Please restate the data that follows word for word, with the pictures left out.

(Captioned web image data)
--- START ---

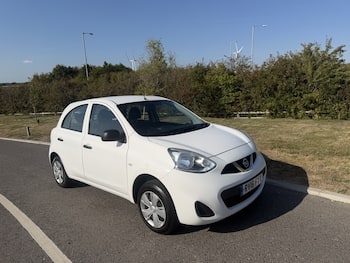 Used Nissan Micra 2016 for sale - 79631470: Photo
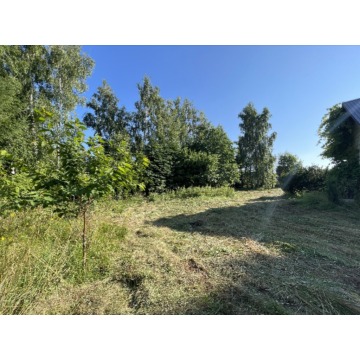 Działka Tuchom sprzedam, pow. 1711 m2  (17.1a) - zdjęcie 4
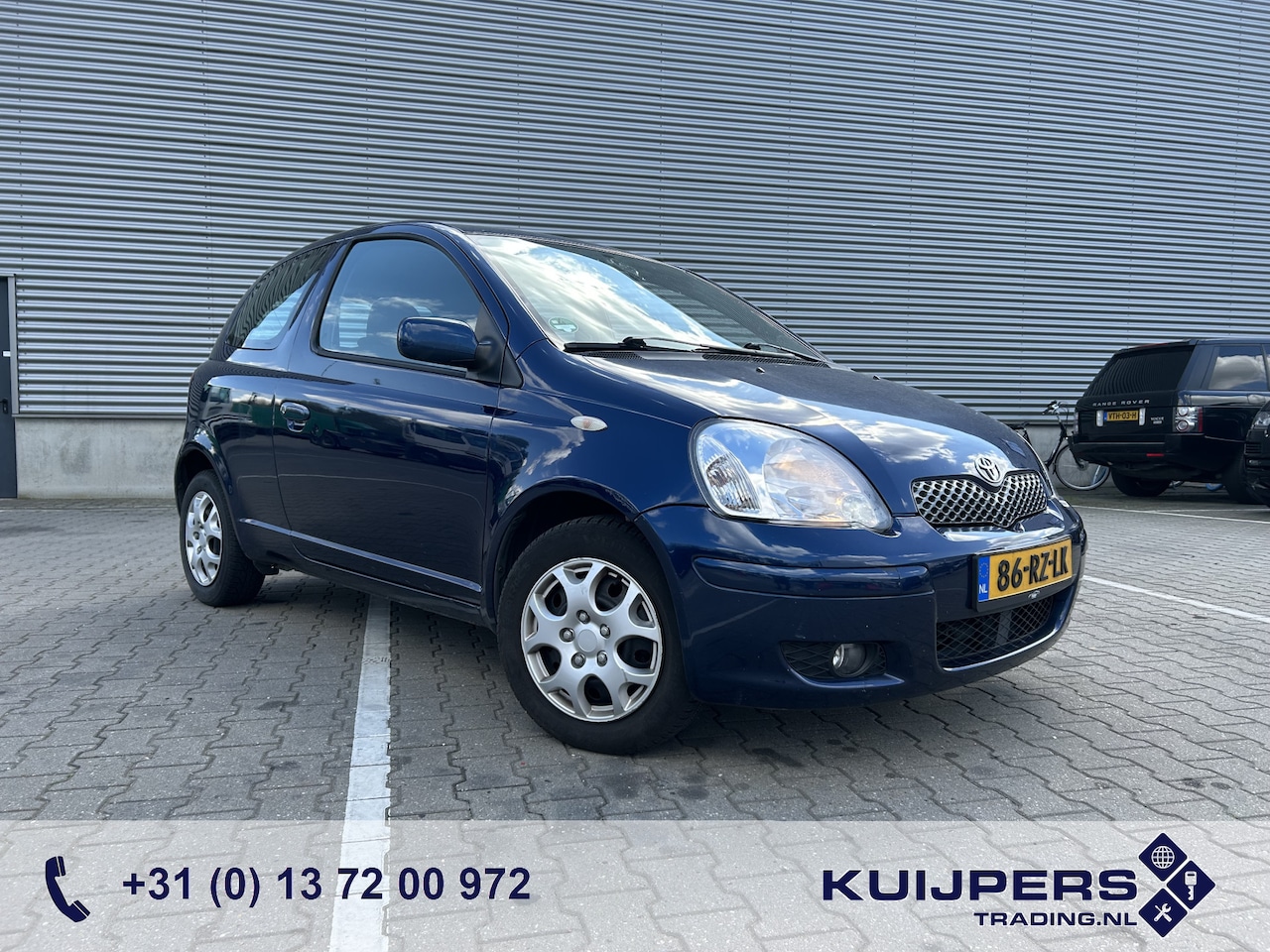 Toyota Yaris - 1.3 VVT-i S-Line / Airco / APK TUV MOT 02-27 - AutoWereld.nl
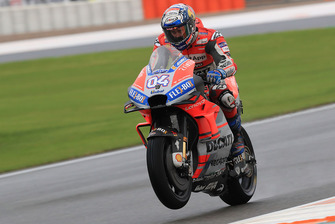 Andrea Dovizioso, Ducati Team
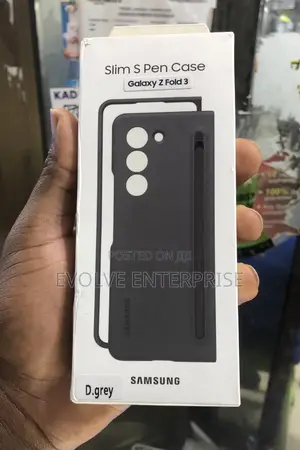 Samsung Galaxy Z Fold 3 Slim S-Pen Protective Case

--- END ---

(EXERCISE OUTPUT)
 Used Nissan Micra 2016 for sale - 79631470: Photo
 Działka Tuchom sprzedam, pow. 1711 m2  (17.1a) - zdjęcie 4
 Toyota Yaris - 1.3 VVT-i S-Line / Airco / APK TUV MOT 02-27 - AutoWereld.nl
 Andrea Dovizioso, Ducati Team
 Samsung Galaxy Z Fold 3 Slim S-Pen Protective Case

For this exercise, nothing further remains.